To underscore that point, Winfrey drew her special audience into the conversation. Throughout After Neverland, Winfrey addressed both the studio audience and viewers at home nearly as often as she addressed Reed, Robson, and Safechuck. Her requests for explanation from the three were framed less as attempts to get the men to justify their stories to her, and more as moments of opportunity to address misconceptions that plague all victims. As Robson and Safechuck spoke, the camera cut often to several recognizable figures in the audience, among them Winfrey’s close friend, the CBS News anchor Gayle King, and the #MeToo founder Tarana Burke. King, Burke, and others in the room nodded emphatically as the men spoke, and as Oprah offered her own insights. The onlookers’ eyes were visibly teary, their demeanor subdued.
Winfrey also explicitly harkened back to her landmark 2010 episode about male sexual-assault survivors. Two men who had been in the studio then appeared during After Neverland, both affirming Jackson’s accusers partly by sharing how difficult it was for them to come forward with their own stories: the ER actor Anthony Edwards, whose 2017 essay Oprah referenced as a poignant reminder of how hard it is for young boys to disclose experiences of assault, and the former Philadelphia Eagles linebacker Al Chesley, who described having been allegedly assaulted by a police officer as a devastating abuse of power.

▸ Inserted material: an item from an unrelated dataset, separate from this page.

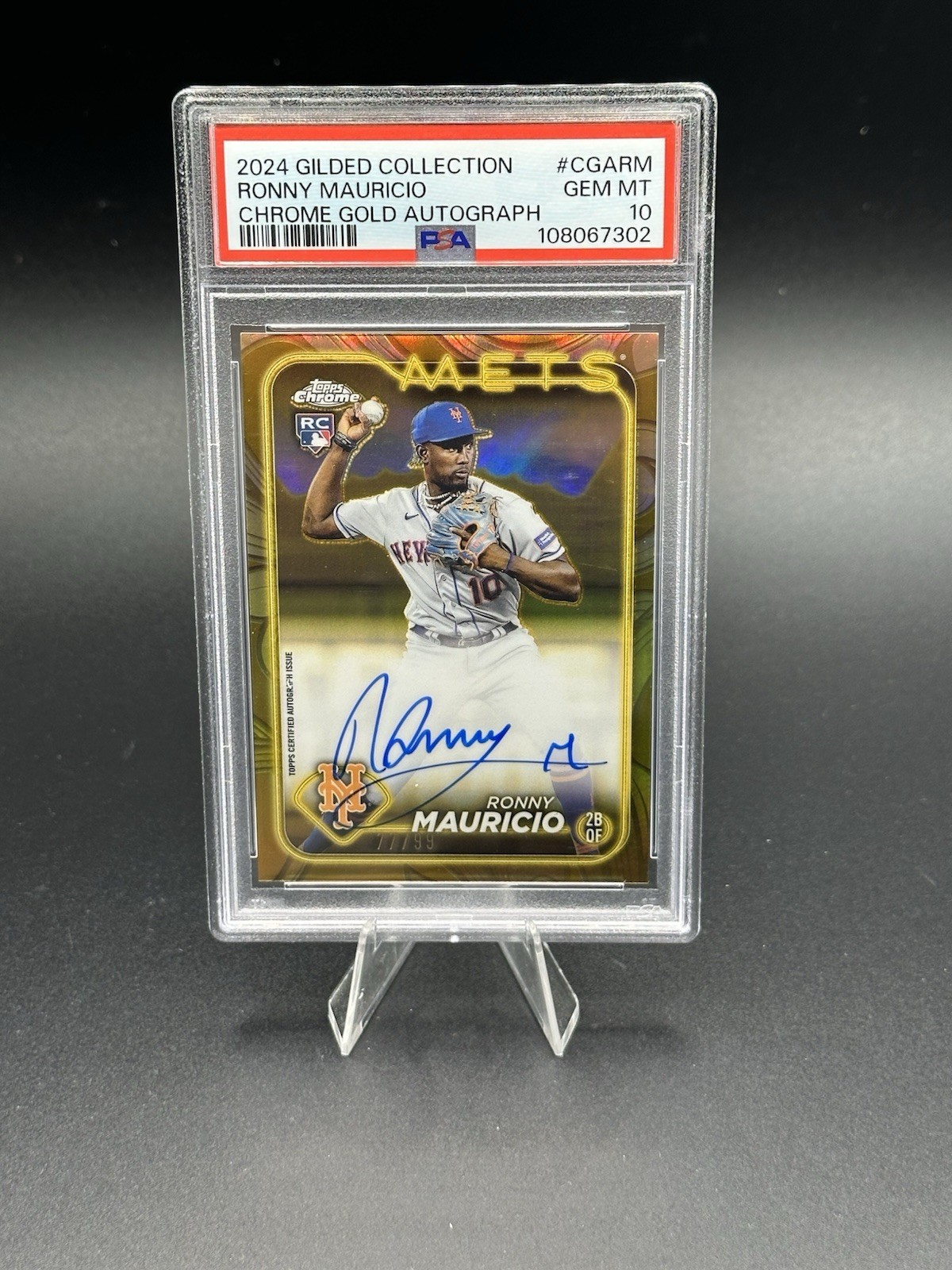 2024 Topps Gilded Collection - Chrome Gold Autographs Ronny Mauricio /99 PSA 10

As a prominent black woman with a mononymic empire, Oprah was well aware that her support of Jackson’s accusers would attract scrutiny. “I’m gonna get it,” she said with a laugh toward the end of the special, referencing the fury of Jackson’s superfans. “We all gon’ get it, we gon’ get it, we gon’ get it.” It was one of several moments of levity that might seem out of place for those who do not share similar experiences. It’s decidedly in-group gallows humor, an acknowledgment of the incredibly high stakes that come with publicly alleging sexual abuse. Oprah’s lightness, and the men’s own resigned laughter, emerge against a backdrop of threats—made against her, HBO, Reed, and most punishingly, Robson and Safechuck. On-screen, it is at once disarming and comforting.
After Neverland, then, is a rare kind of narrative platform. By treating her interview subjects’ stories with this kind of rigor and familiar thoughtfulness, Winfrey—like Reed—reframes the lens through which abuse allegations are discussed. Before a long embrace with Robson, Safechuck offered a heartfelt meditation on the importance of the space After Neverland has created: “Doing the movie I tried to set a healthy expectation, which was that I would talk to other survivors and that was my audience,” he said. “This moment is why.”